### Entries shown ###
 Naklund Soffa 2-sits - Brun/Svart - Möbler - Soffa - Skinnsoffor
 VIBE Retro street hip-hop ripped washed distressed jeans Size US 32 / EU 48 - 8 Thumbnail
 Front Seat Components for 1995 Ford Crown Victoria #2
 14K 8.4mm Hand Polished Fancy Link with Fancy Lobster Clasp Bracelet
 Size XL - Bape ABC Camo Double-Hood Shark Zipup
###
### Entries shown ###
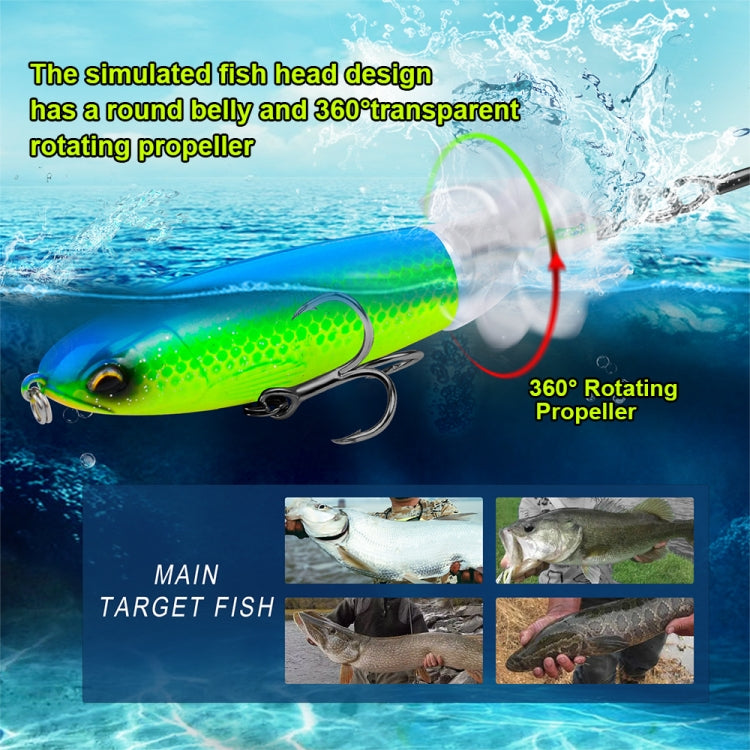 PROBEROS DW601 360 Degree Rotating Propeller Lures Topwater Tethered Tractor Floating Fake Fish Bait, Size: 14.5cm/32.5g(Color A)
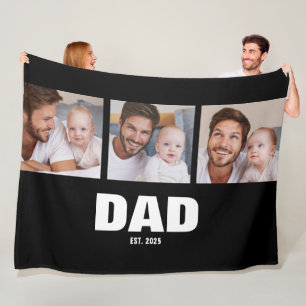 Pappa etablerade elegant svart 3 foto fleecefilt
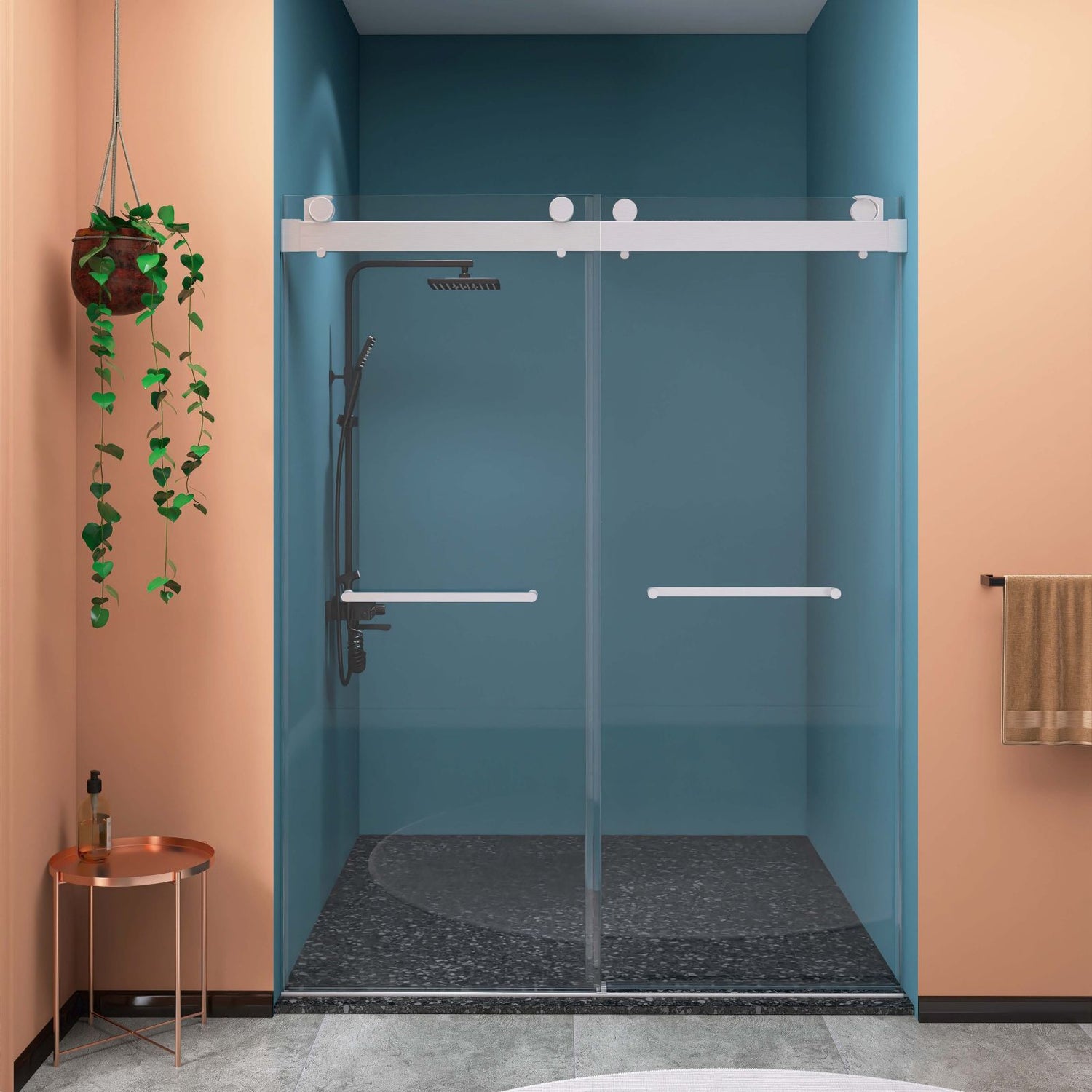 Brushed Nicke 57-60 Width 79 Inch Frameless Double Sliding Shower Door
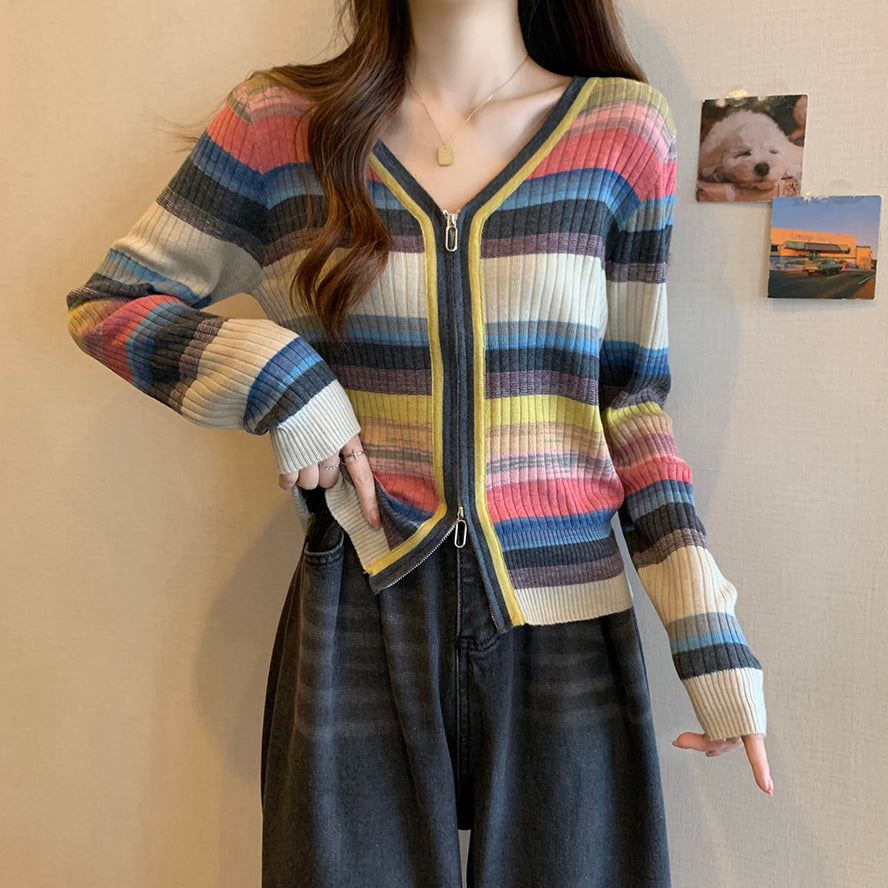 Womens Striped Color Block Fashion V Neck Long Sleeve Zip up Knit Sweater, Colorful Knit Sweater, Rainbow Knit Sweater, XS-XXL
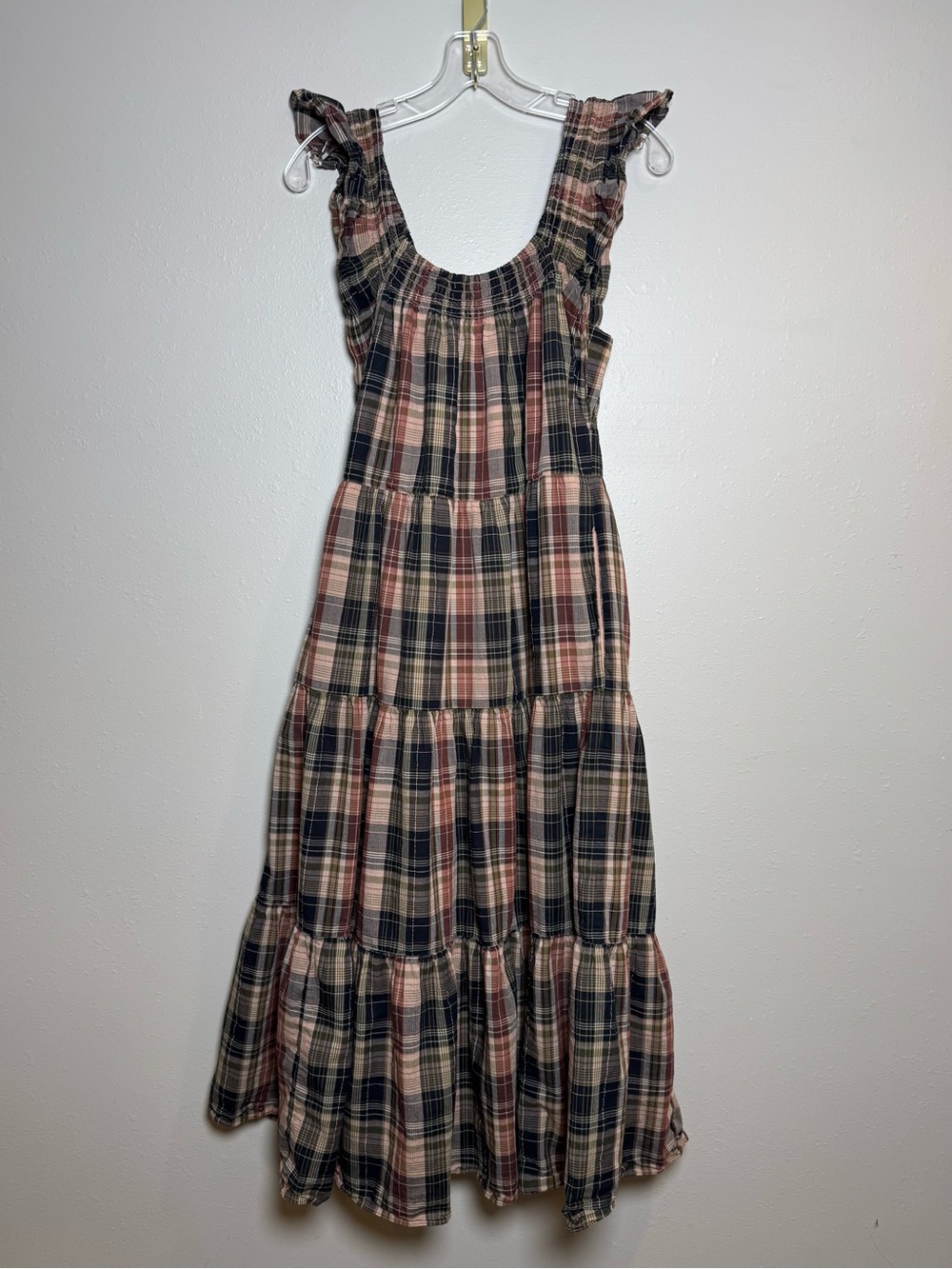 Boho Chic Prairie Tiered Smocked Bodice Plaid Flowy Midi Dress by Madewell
###
-- What to do --
Working from the entries above, reproduce exactly and only the lines beginning with the line that has "Womens Striped Color" and ending with the line that has "Boho Chic Prairie"; omit all pictures.

-- Written response --
 Womens Striped Color Block Fashion V Neck Long Sleeve Zip up Knit Sweater, Colorful Knit Sweater, Rainbow Knit Sweater, XS-XXL
 Boho Chic Prairie Tiered Smocked Bodice Plaid Flowy Midi Dress by Madewell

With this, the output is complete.